The Function of the Will.—Concerning the function of the will there can be no haziness or doubt. Volition concerns itself wholly with acts, responses. The will always has to do with causing or inhibiting some action, either physical or mental. We need to go to the dentist, tell some friend we were in the wrong, hold our mind to a difficult or uninteresting task, or do some other disagreeable thing from which we shirk. It is at such points that we must call upon the will.

Again, we must restrain our tongue from speaking the unkind word, keep from crying out when the dentist drills the tooth, check some unworthy line of thought. We must here also appeal to the will. We may conclude then that the will is needed whenever the physical or mental activity must be controlled with effort. Some writers have called the work of the will in compelling action its positive function, and in inhibiting action its negative function.

How the Will Exerts Its Compulsion.—How does the will bring its compulsion to bear? It is not a kind of mental policeman who can take us by the collar, so to speak, and say do this, or do not do that. The secret of the will's power of control lies in attention. It is the line of action that we hold the mind upon with an attitude of intending to perform it that we finally follow. It is the thing we keep thinking about that we finally do.

On the other hand, let us resolutely hold the mind away from some attractive but unsuitable line of action, directing our thoughts to an opposite course, or to some wholly different subject, and we have effectually blocked the wrong response. To control our acts is therefore to control our thoughts, and strength of will can be measured by our ability to direct our attention.

2. THE EXTENT OF VOLUNTARY CONTROL OVER OUR ACTS

A relatively small proportion of our acts, or responses, are controlled by volition. Nature, in her wise economy, has provided a simpler and easier method than to have all our actions performed or checked with conscious effort.

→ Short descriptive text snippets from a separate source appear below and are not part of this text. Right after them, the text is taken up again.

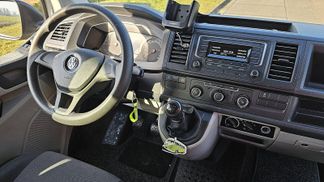 Finansowanie Transport pasażerów Volkswagen TRANSPORTER 2.0 TDI 2019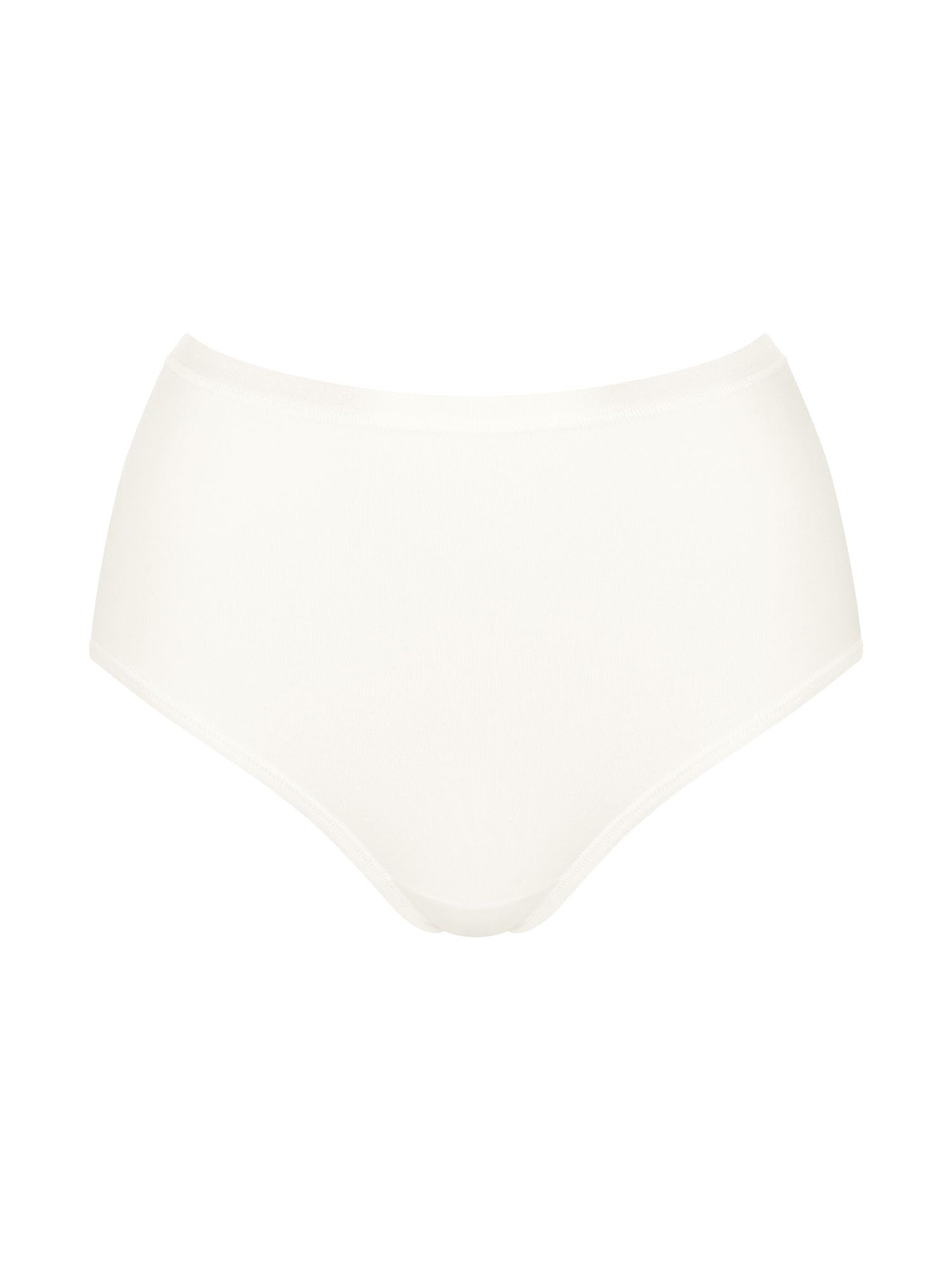 Sloggi GO Daily Cotton Highwaist Silk White
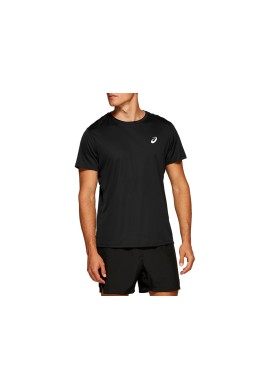 CAMISETA ASICS CORE SS TOP NEGRO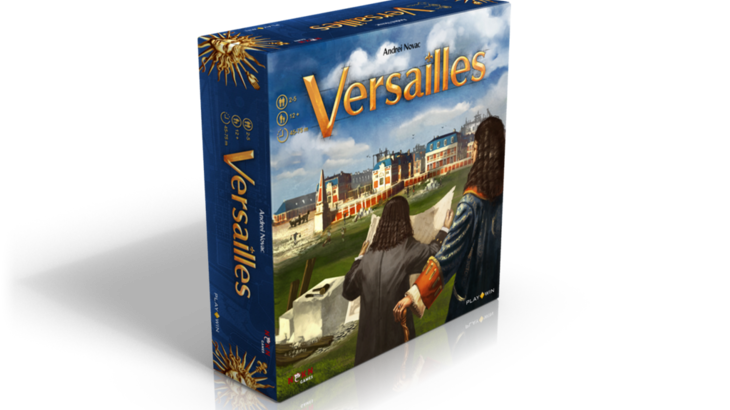 Versailles description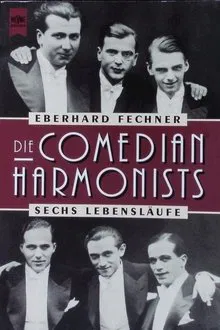Comedian Harmonists movie poster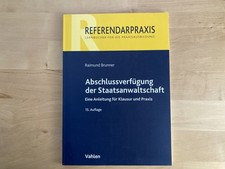 Brunner - Abschlussverfügung der Staatsanwal...
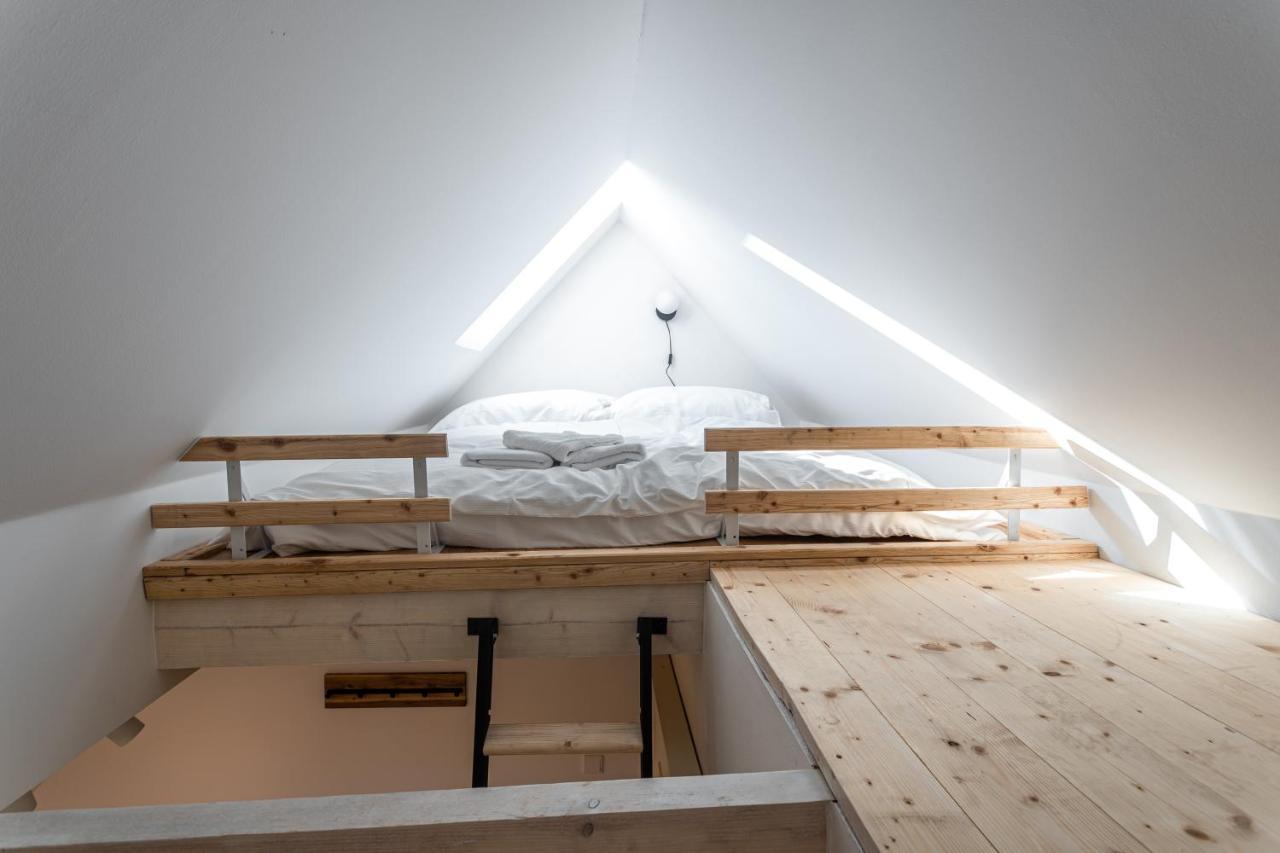 Apartmany Volf - Boží Dar Buitenkant foto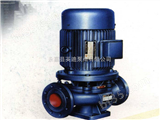 ISG50-200B离心泵特点，单级单吸离心泵，立式管道泵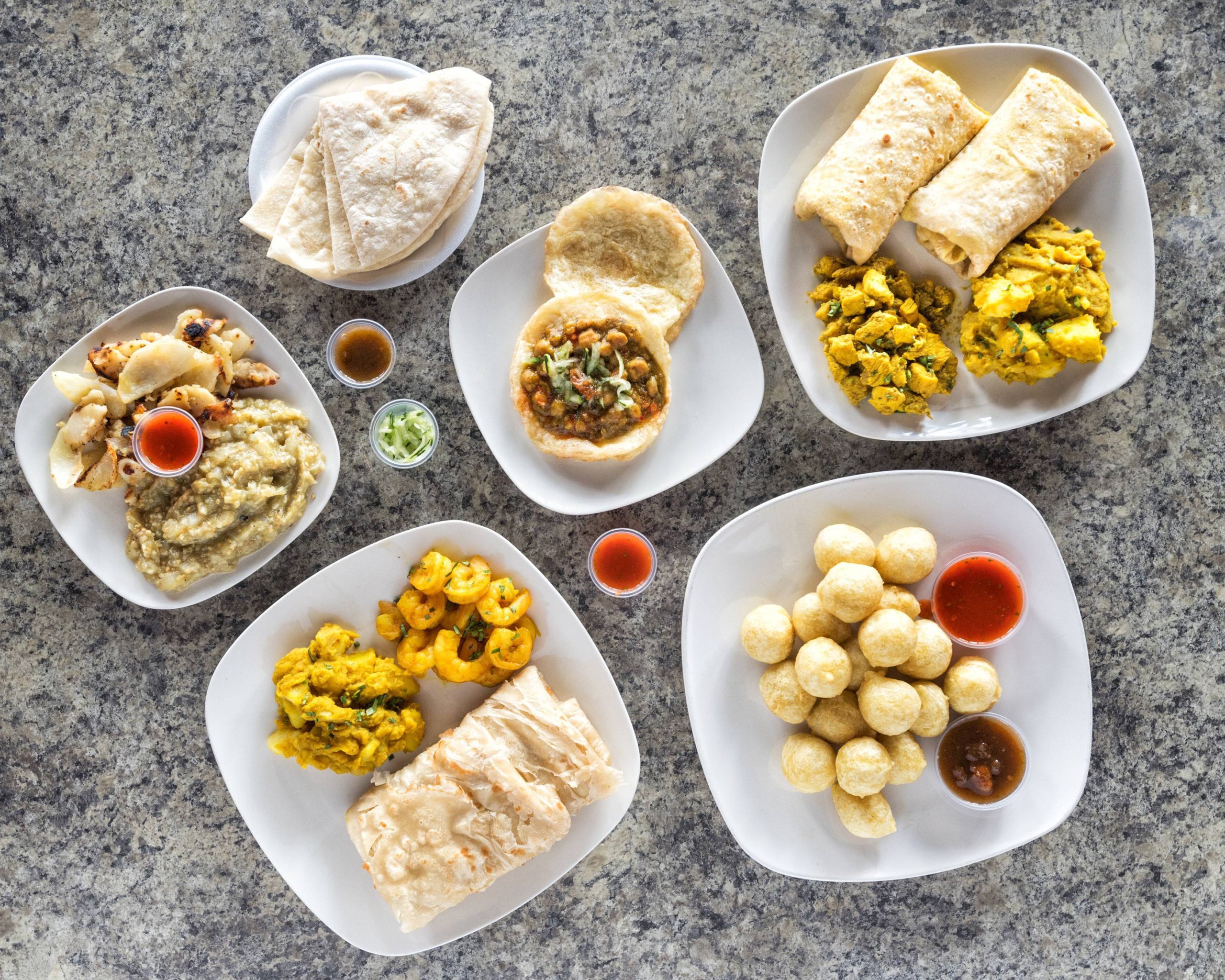 Ali's Roti Shop — Websearch photo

Classes of Acts or Response.—Movements or acts, like other phenomena, do not just happen. They never occur without a cause back of them. Whether they are performed with a conscious end in view or without it, the fact remains the same—something must lie back of the act to account for its performance. During the last hour, each of us has performed many simple movements and more or less complex acts. These acts have varied greatly in character. Of many we were wholly unconscious. Others were consciously performed, but without feeling of effort on our part. Still others were accomplished only with effort, and after a struggle to decide which of two lines of action we should take. Some of our acts were reflex, some were chiefly instinctive, and some were volitional.

Simple Reflex Acts.—First, there are going on within every living organism countless movements of which he is in large part unconscious, which he does nothing to initiate, and which he is largely powerless to prevent. Some of them are wholly, and others almost, out of the reach and power of his will. Such are the movements of the heart and vascular system, the action of the lungs in breathing, the movements of the digestive tract, the work of the various glands in their process of secretion. The entire organism is a mass of living matter, and just because it is living no part of it is at rest.

Movements of this type require no external stimulus and no direction, they are reflex; they take care of themselves, as long as the body is in health, without let or hindrance, continuing whether we sleep or wake, even if we are in hypnotic or anæsthetic coma. With movements of reflex type we shall have no more concern, since they are almost wholly physiological, and come scarcely at all within the range of the consciousness.

Instinctive Acts.—Next there are a large number of such acts as closing the eyes when they are threatened, starting back from danger, crying out from pain or alarm, frowning and striking when angry. These may roughly be classed as instinctive, and have already been discussed under that head. They differ from the former class in that they require some stimulus to set the act off. We are fully conscious of their performance, although they are performed without a conscious end in view. Winking the eyes serves an important purpose, but that is not why we wink; starting back from danger is a wise thing to do, but we do not stop to consider this before performing the act.